Write every record out again exactly, and keep images out of it.
* * * * * * * * *
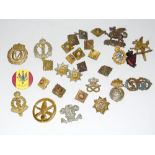 A bag of assorted military badges and officers pips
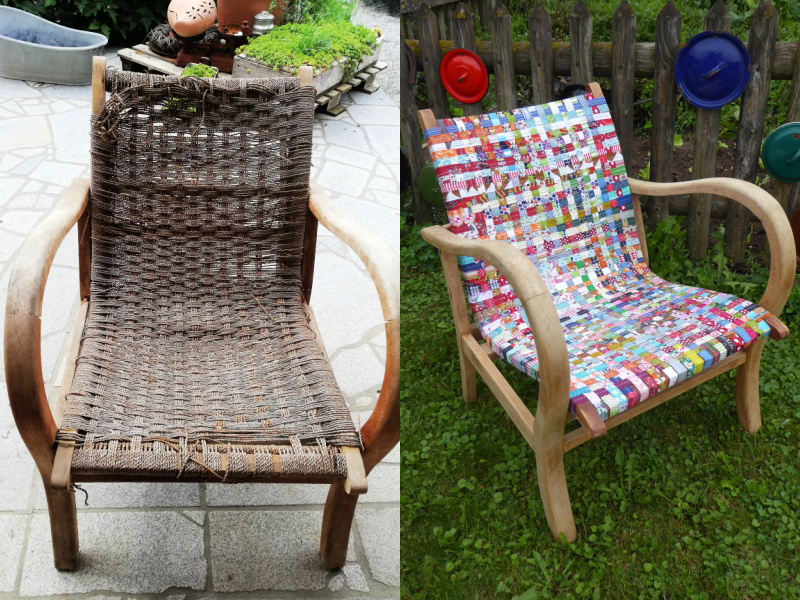 woven fabric scrap chair upcycle
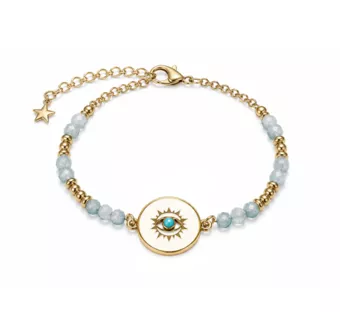 Bracelet Protection en Aigue-Marine AA – Médaillon Œil Protecteur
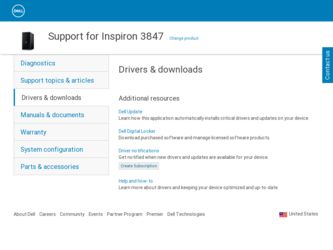 Inspiron 3847 driver download page on the Dell site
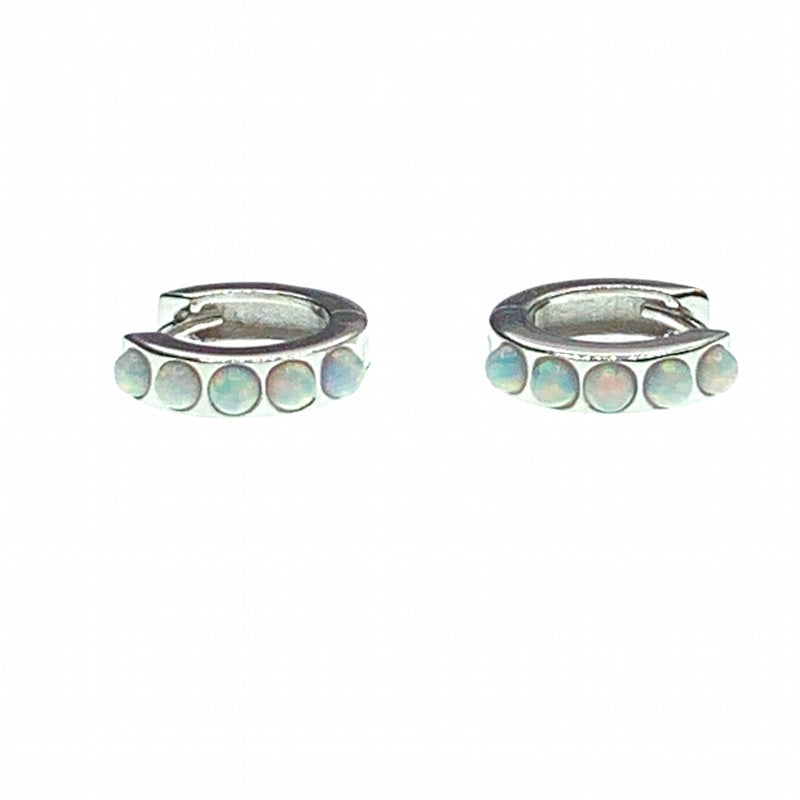Opal huggies earrings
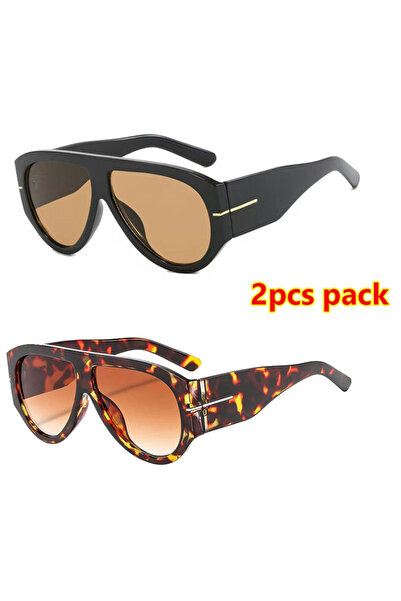 Choice8 2pcs-2 Luxury Brand Retro Big Frame Oval Women Sunglasses Black Tea C...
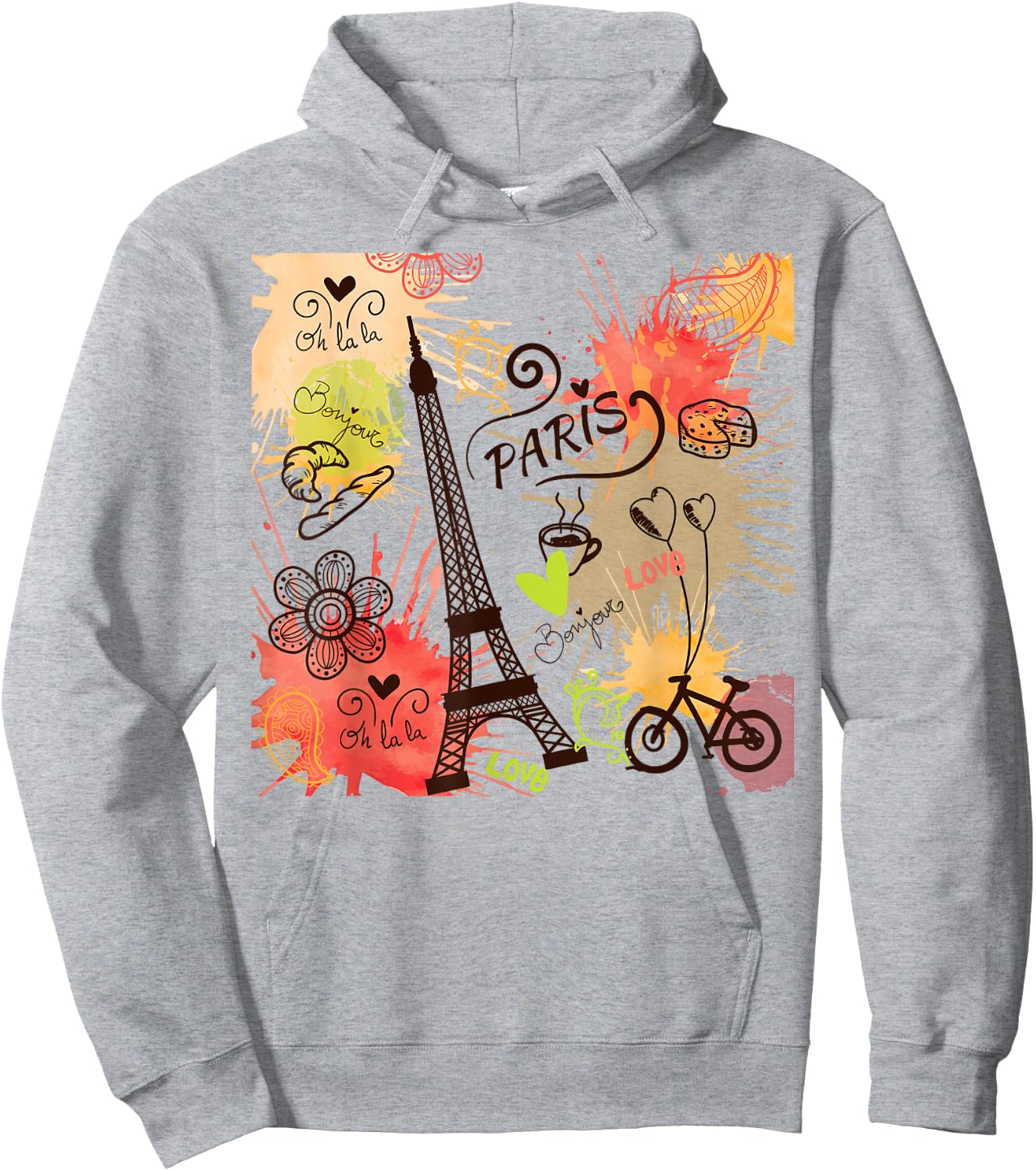 Paris Eiffel Tower France French Souvenir French Hoodie - Hoodie | Ash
* * * * * * * * *
-- Response area --
 A bag of assorted military badges and officers pips
 woven fabric scrap chair upcycle
 Bracelet Protection en Aigue-Marine AA – Médaillon Œil Protecteur
 Inspiron 3847 driver download page on the Dell site
Opal huggies earrings
 Choice8 2pcs-2 Luxury Brand Retro Big Frame Oval Women Sunglasses Black Tea C...
 Paris Eiffel Tower France French Souvenir French Hoodie - Hoodie | Ash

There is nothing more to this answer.